7. On the other hand, the learned counsel for
the respondent vehemently opposed the revision petition and maintained that the
facts and circumstances of the case law referred to above by the learned
counsel for the petitioner are quite distinguishable from those of the present
case. In the instant case the petitioner submitted his written statement and in
response to Para 2 of the plaint, the plea of
the respondent to have sent the notice of Talb-e-Ishhad to the petitioner through registered A.D. was not
specifically denied. Similarly, the petitioner while appearing as DW-1 in the
witness-box also failed to utter even a single word in his examination-in-chief
about the non receipt of notice of Talb-e-Ishhad. Moreover, the postal receipt produced as Ex-P5 was
also never objected to by the learned counsel for the petitioner before the
learned trial Court. The learned counsel further maintained that no such plea
as argued by the learned counsel for the petitioner today was taken in the
revision petition. No party could produce any evidence on a point not contained
in its pleadings. Even if any evidence is produced, which is inconsistent with
the pleadings of a party cannot be read in evidence. The learned counsel
maintained that the requirements of Talabs had been
fulfilled by the respondent in accordance with law so the learned First
Appellate Court rightly decreed the suit of the respondent.
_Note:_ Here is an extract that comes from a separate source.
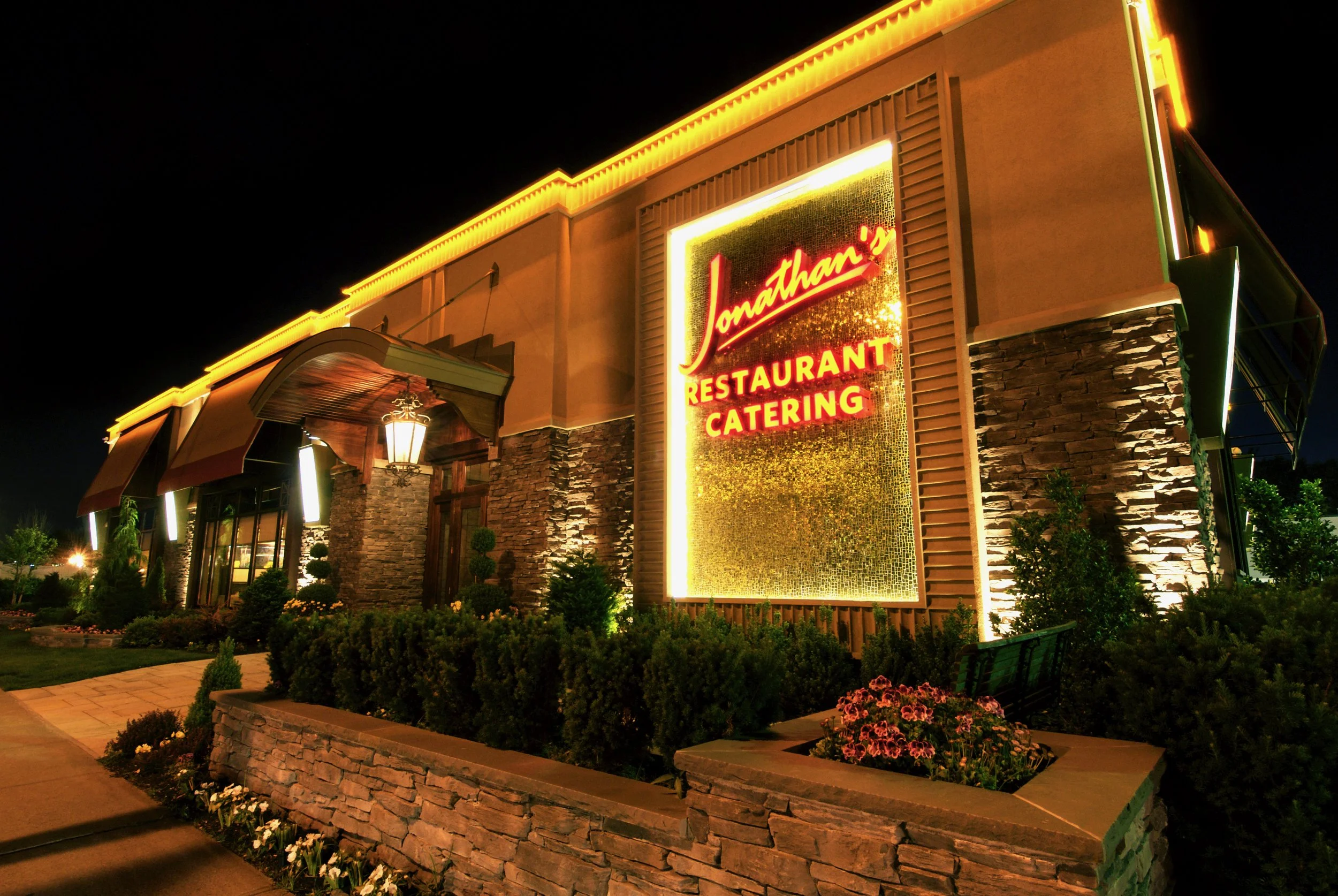 Jonathan's Restaurant in Garden City Park, NY (3)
The learned counsel
referred to PLD 1994 SC 162 {Saheb Khan through Legal
Heirs versus Muhammad Pannah}, 2003 SCMR 686 {Chief
Engineer, Hydel (North) and Project Director, Wapda, Warsak Versus Zafarullah Shah and another}, 2004 SCMR 1719 {Haji Feroze Khan and another
versus Amir Hussain through L.Rs. and others}, 2006
SCMR 1410 {Hayat Muhammad and others versus Mazhar Hussain}, 2008 SCMR 1366 {Ghulam Abbas and another versus Manzoor Ahmed and another}, 2008 MLD 307 [Lahore] {Muhammad
Sharif versus Muhammad Yousaf}, and 2010 CLC 27
[Peshawar] {Asif Rahseed
Khan Durrani versus Haji Hazrat Gul} in support of his
arguments.
8. I have considered the arguments advanced by
the learned counsel for the parties and have gone through the record.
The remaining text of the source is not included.